Inside the Company, CIA Diary (1975) by Philip Agee, Page 295: https://archive.org/stream/pdfy-DAzR701tP2dL_DNu/inside-the-company-cia-diary-philip-agee_djvu.txt
..."AVENGEFUL. The station telephone-tapping operation is effected through the AVALANCHE liaison service (the Montevideo Police Department) with a history dating back to World War II when the FBI was in charge of counter-intelligence in South America. This is currently the most important joint operation underway between the station and an Uruguayan service. Connections are made in telephone company exchanges by company engineers at the request of the police department. A thirty-pair cable runs from the main downtown exchange to police headquarters where, on the top floor, the listening post is located. The chief technician, Jacobo de Anda, and the assistant technician and courier, Juan Torres, man the LP, which has tables with actuators and tape-recorders for each of the thirty pairs.

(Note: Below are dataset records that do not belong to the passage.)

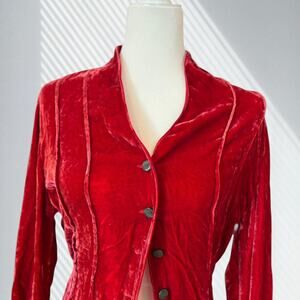 Red velvet button up top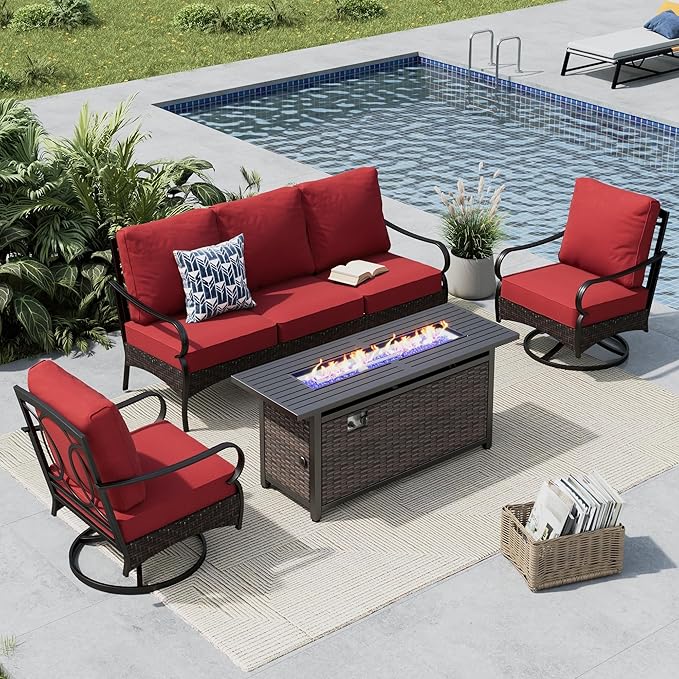 MFSTUDIO 4 Pieces Outdoor Patio Furniture Set, Metal Outdoor Conversation Set, Rattan Wicker Patio Sectional Set with 2 x Swivel Single Sofa, 3-Seat Sofa, 1 x Fire Pit Table, Red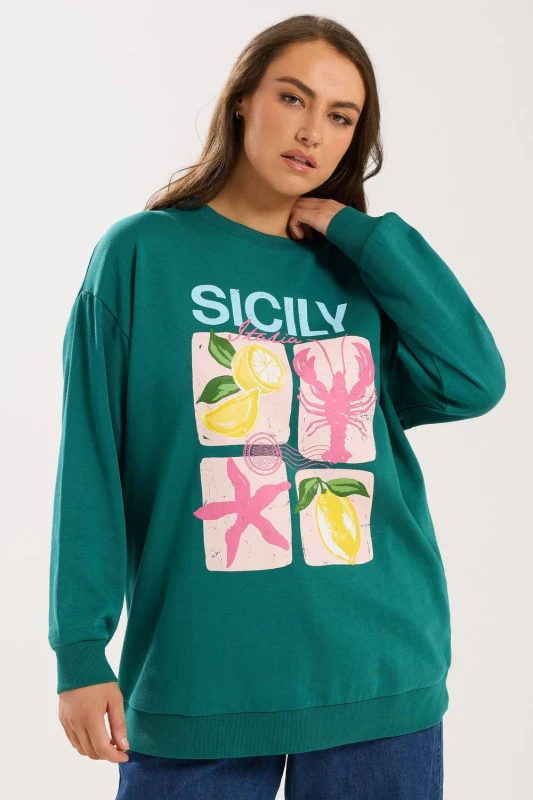 Image of Yours Womens 'Sicily' Slogan Sweatshirt in Teal Size: 26-28 Teal Female 26-28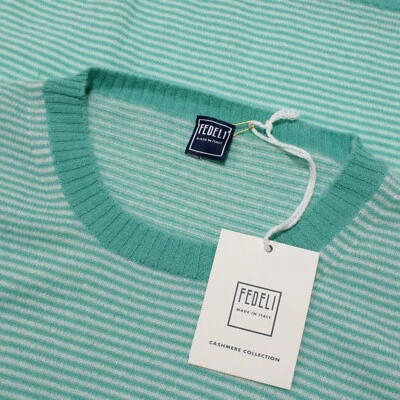 Suéter Pullover Fedeli Nuevo con Etiquetas Talla 56 US XXL Verde Azulado y Rayas Blancas 100% Cachemira Foto 1 de 4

Torres arranges for lines to be connected by the telephone company engineers and he delivers the tapes each day to another courier, AVOIDANCE, who takes them around to the transcribers who work either at home or in safe site offices. This courier also picks up the transcriptions and old tapes from the transcribers and passes them to Torres who sends them to the station each day with yet another courier who works for the Intelligence Department of the police. The police department thus arranges for connections and operates the LP. The courier AVOIDANCE is a station agent known only to Torres among the police department personnel involved. Each of the transcribers is unknown to the police department but copies of all the transcriptions, except in special cases, are provided by the station to the police intelligence department." (CONTINUED BELOW).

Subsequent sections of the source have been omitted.